A Bulgarian name day (an “imen den”) celebrates the meaning of someone’s name. It used to be a much bigger holiday and now, though it’s much smaller, it’s still an excuse to celebrate someone. The significance of one’s name in Bulgaria can be understood from one old Bulgarian proverb, “The name makes the man.” Basically, in Bulgaria, a name is more than a label.

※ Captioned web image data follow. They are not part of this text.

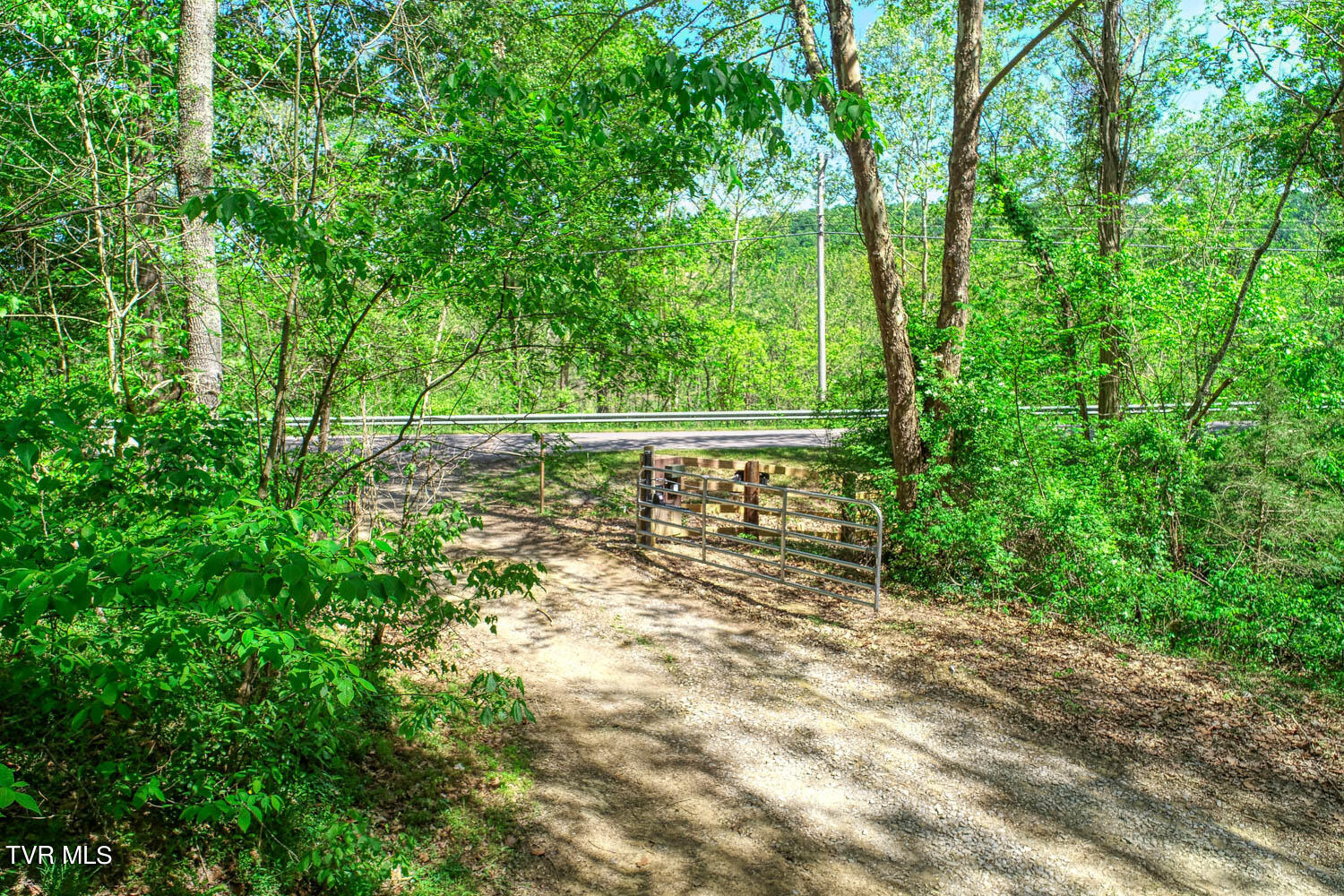 250 Webster Valley Road Rogersville, TN 37857 - Photo 39 of 104 CBJ. 250 Webster V. Rog MLSa_-40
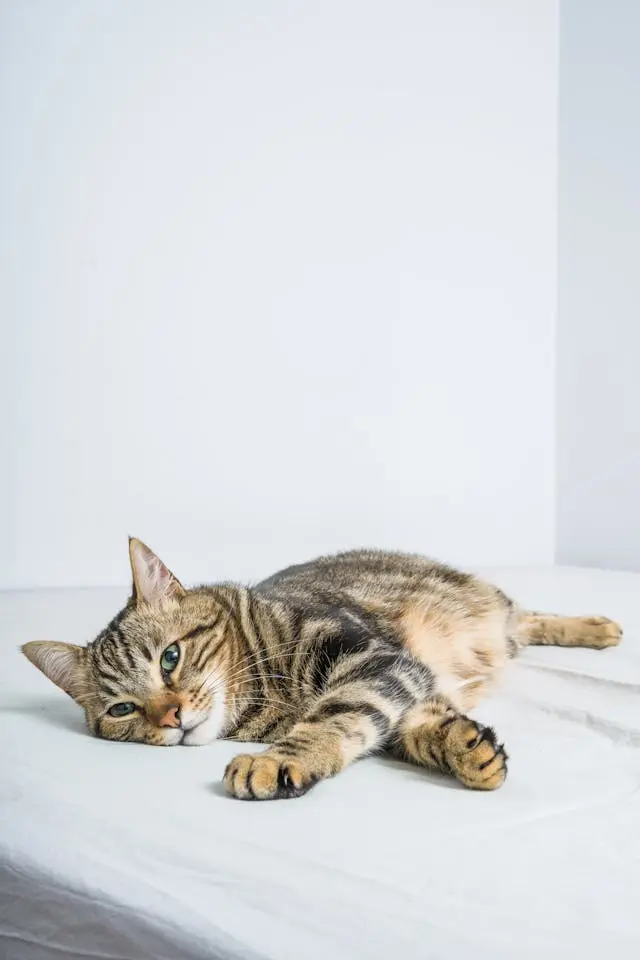 Tabby cat lying down on a white surface with a relaxed posture.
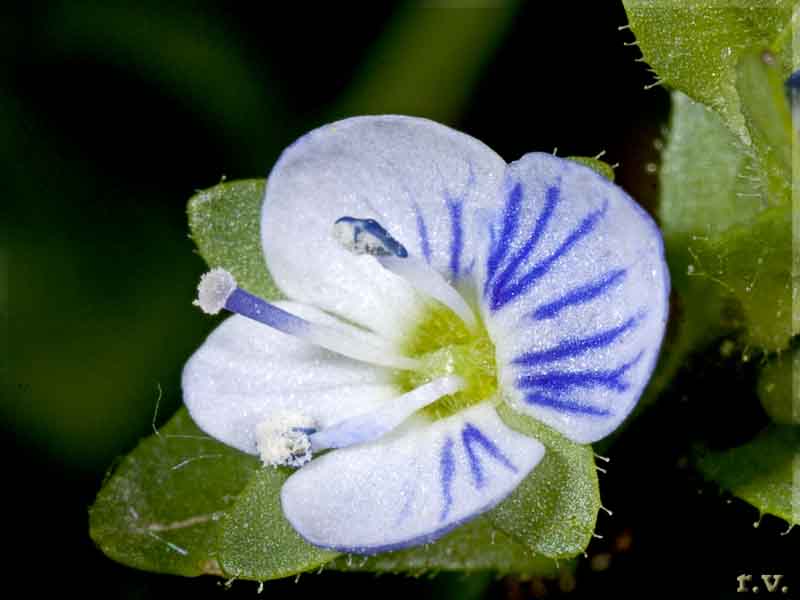 Veronica a fogliie di Serpillo Veronica serpyllifolia  Scrophulariaceae Scrophulariales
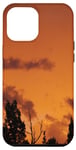 Coque pour iPhone 15 Plus Sapins, nuages et ciel ombré orange doré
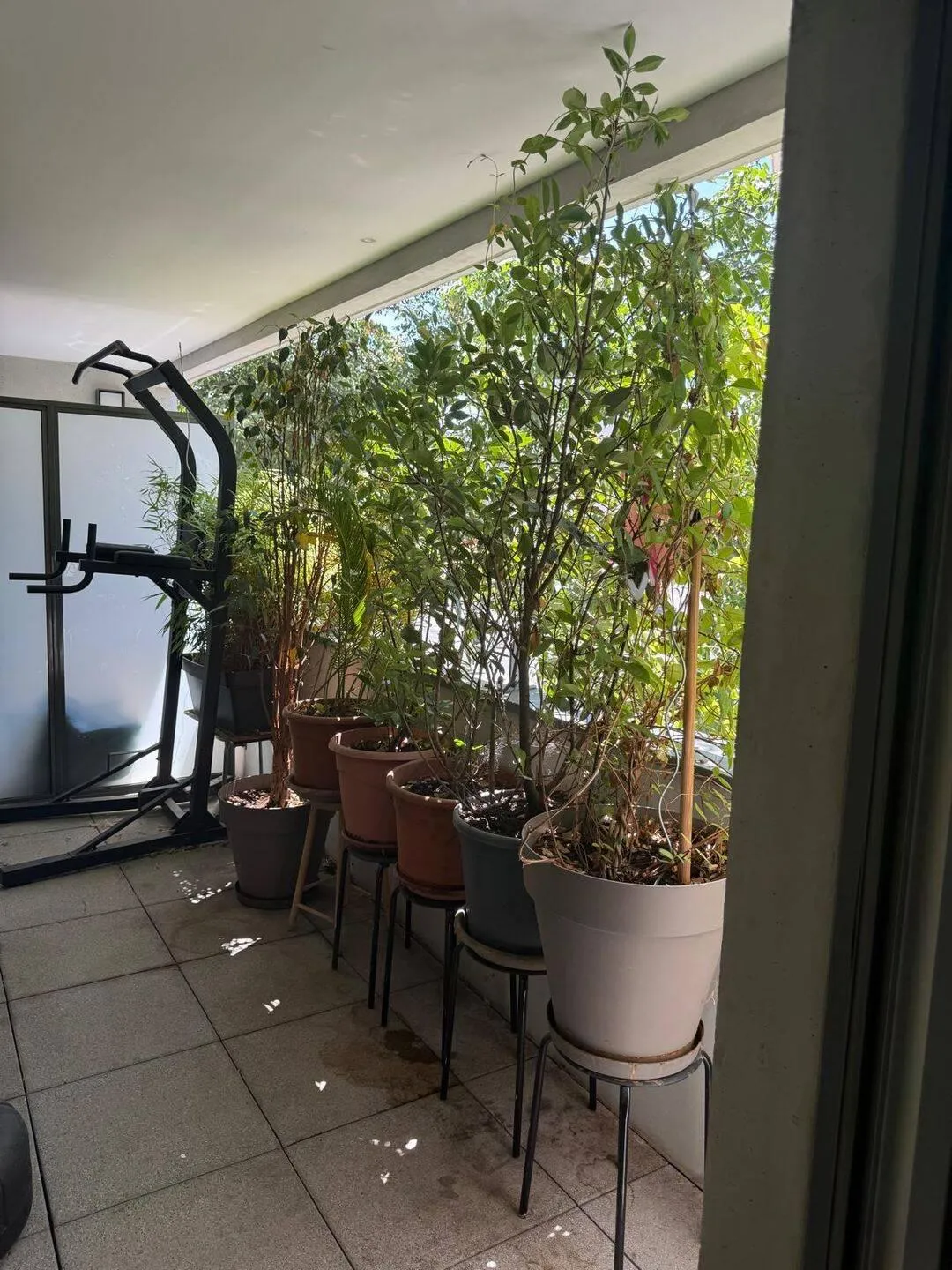 Location Lyon Appartement 6a045fb0e4b5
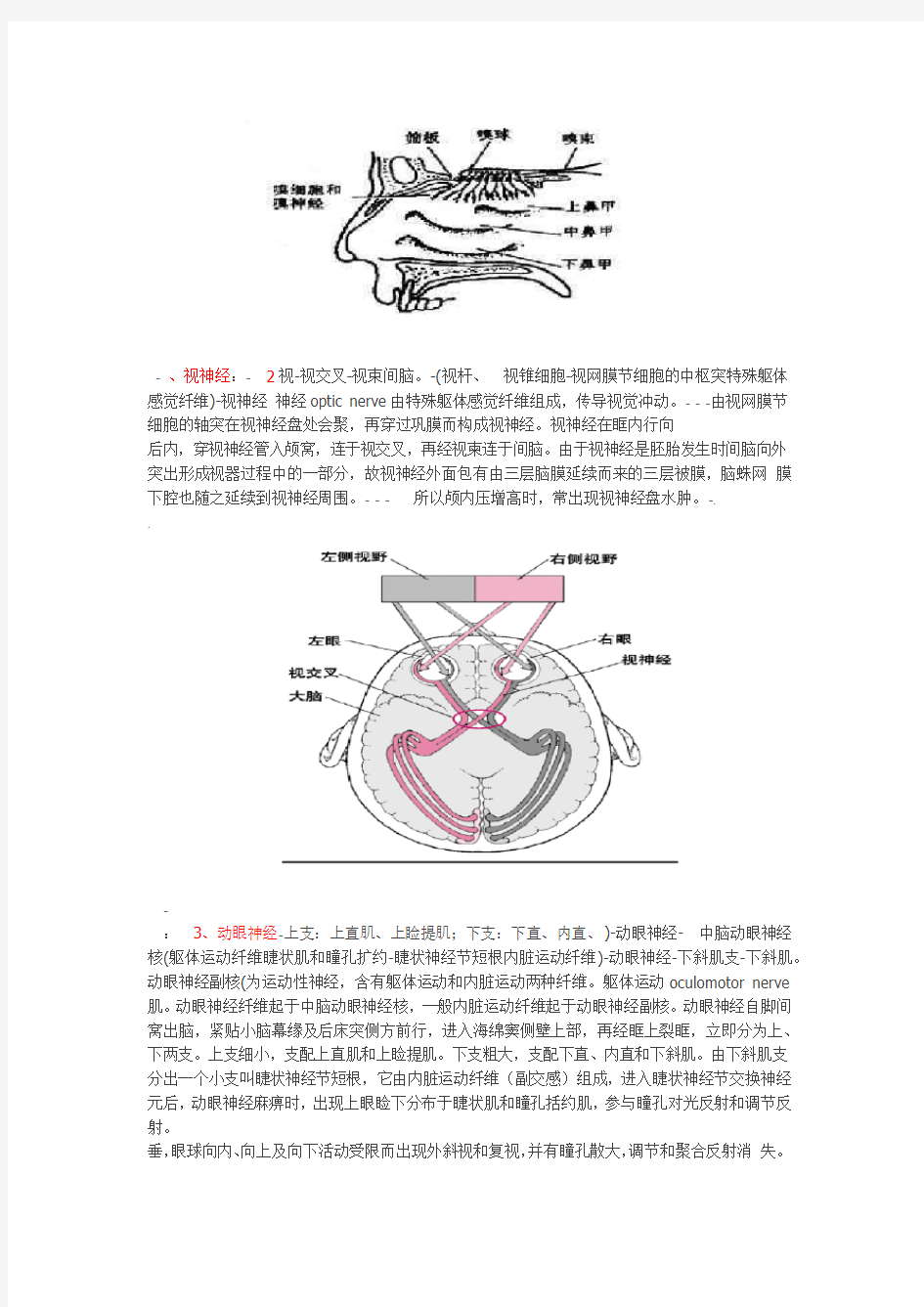 十二对脑神经附图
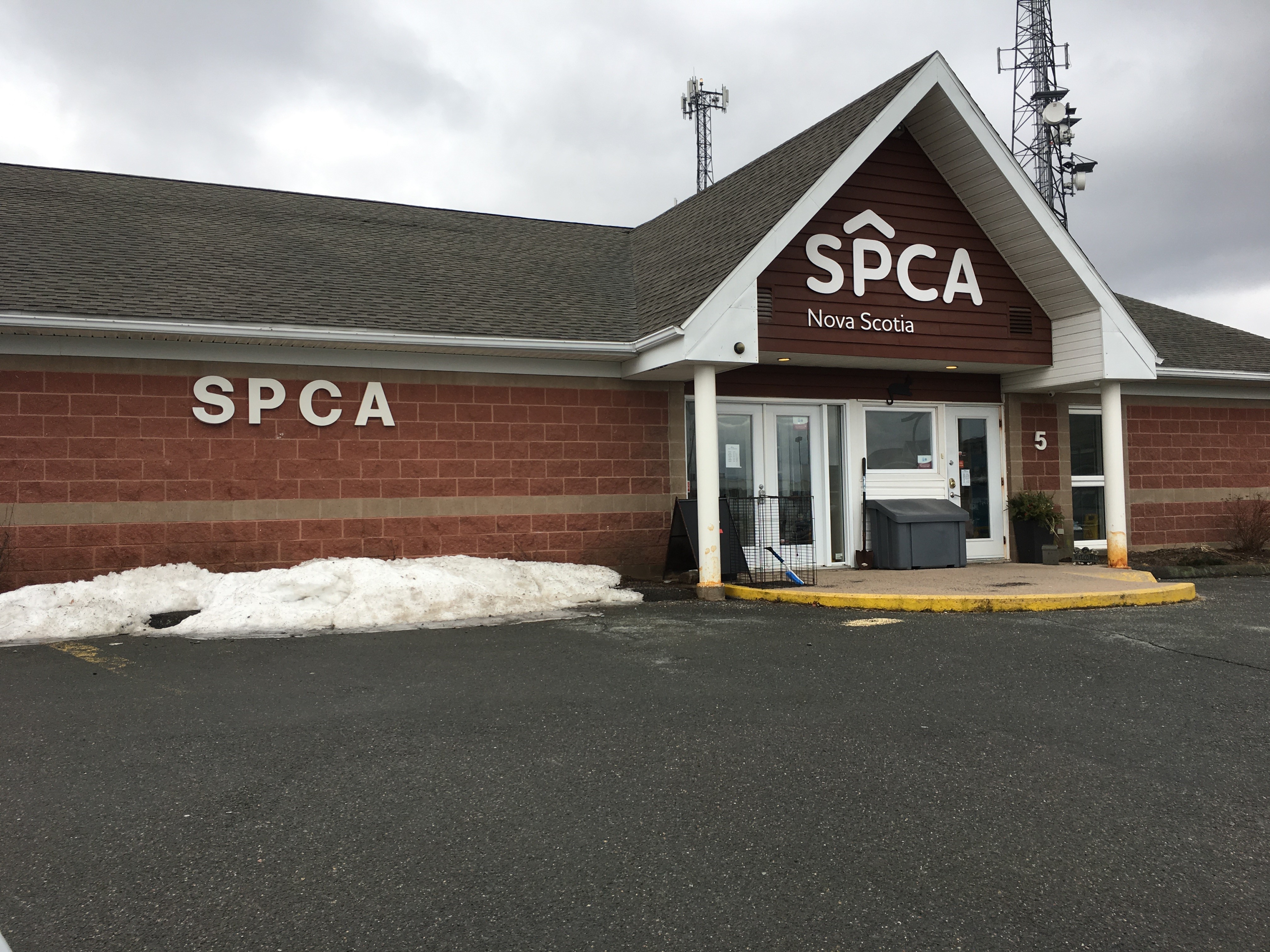 spca dartmouth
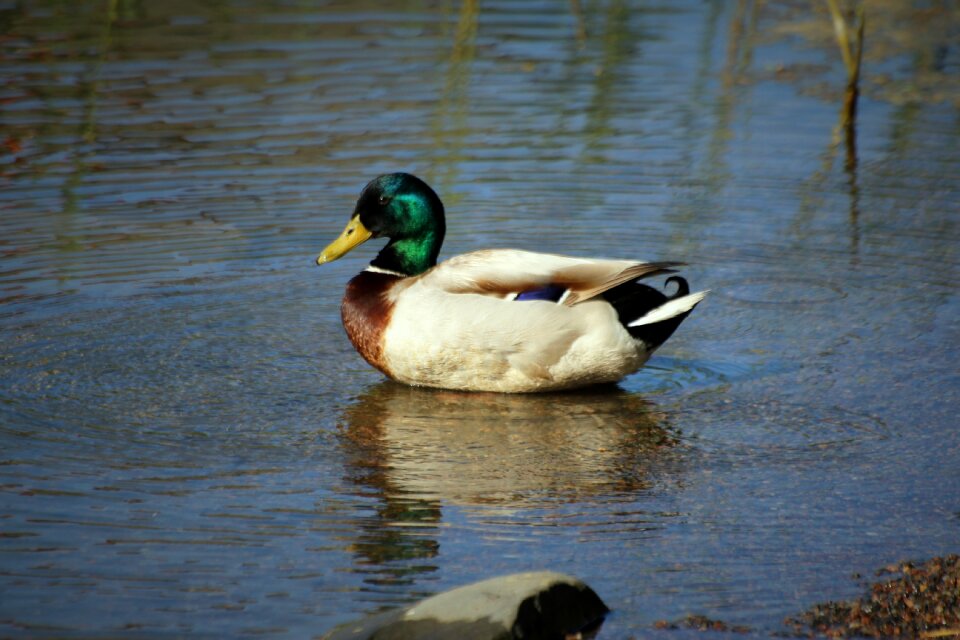 Water lake nature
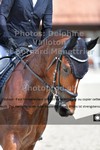 ref. photo 3226523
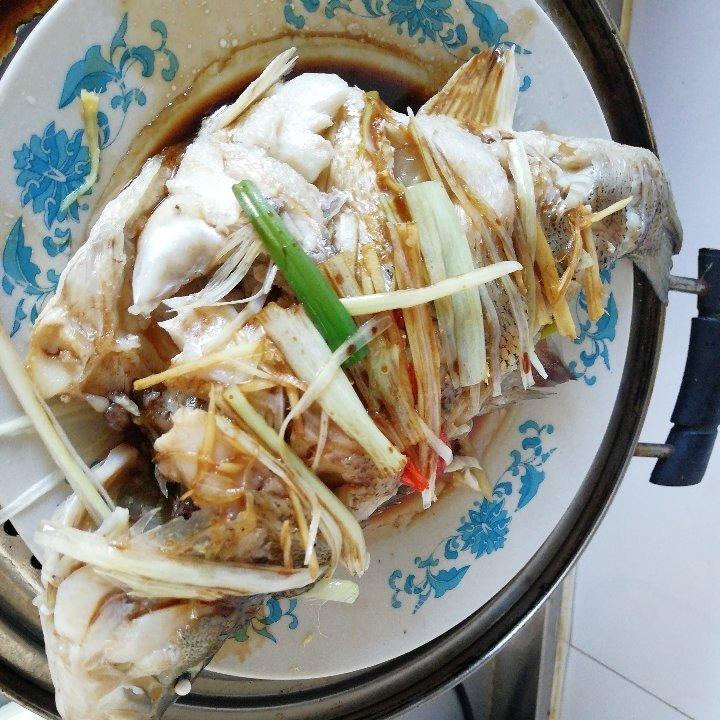 新手零失败的清蒸鲈鱼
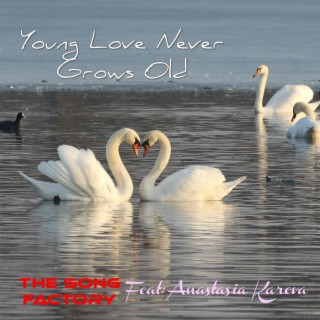 Young Love Never Grows Old lyrics | Boomplay Music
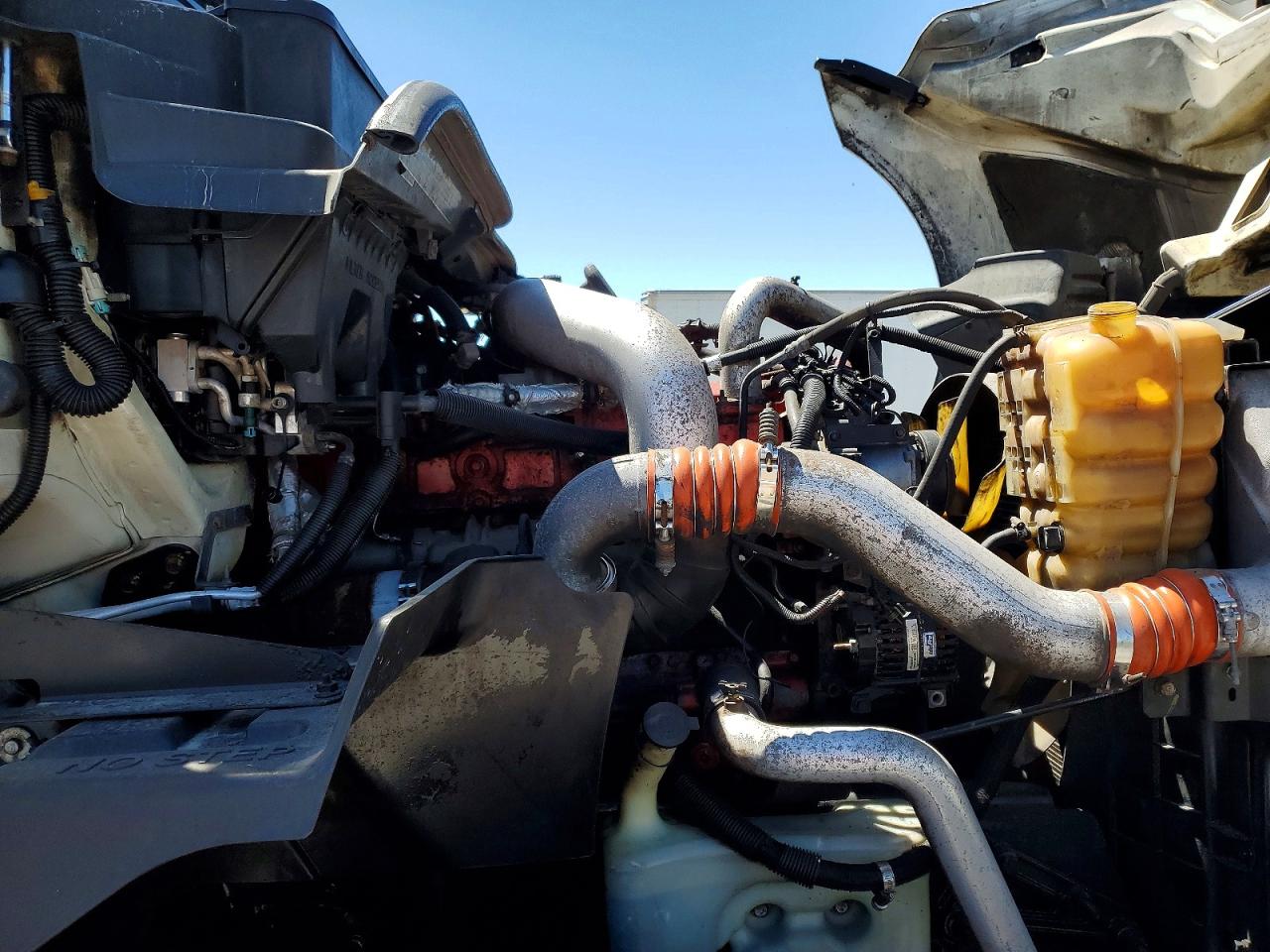 International Prostar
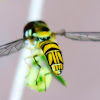 Hoverfly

When Maria answered my question, a tear that I didn’t even know existed immediately escaped from my eye. In broken Bulgarian I tried my best to communicate what I was feeling to Maria, whose arms immediately wrapped around me. Soon we were both a mesh of tears as she whispered “oбичам те” (I love you) in my ear. Maria, with the Bulgarian version of Mary for a name, truly was a little piece of Mary Lou. If the Bulgarian proverb rings true and the name really does make the man…then Mary certainly made two incredible women.
I walked out of that home feeling so many things at once. More prevalent than my sadness at saying goodbye to Maria and my nostalgia for moments with my Grandma was this immense sentiment of being loved. So, so loved. In that small little corner of the world, in a cottage that I could’ve gone my life without seeing, sits a Bulgarian baba named Maria. And now, as I travel far away from that corner, I’m carrying the love of two Marias with me. There's no name for how lucky that makes me feel.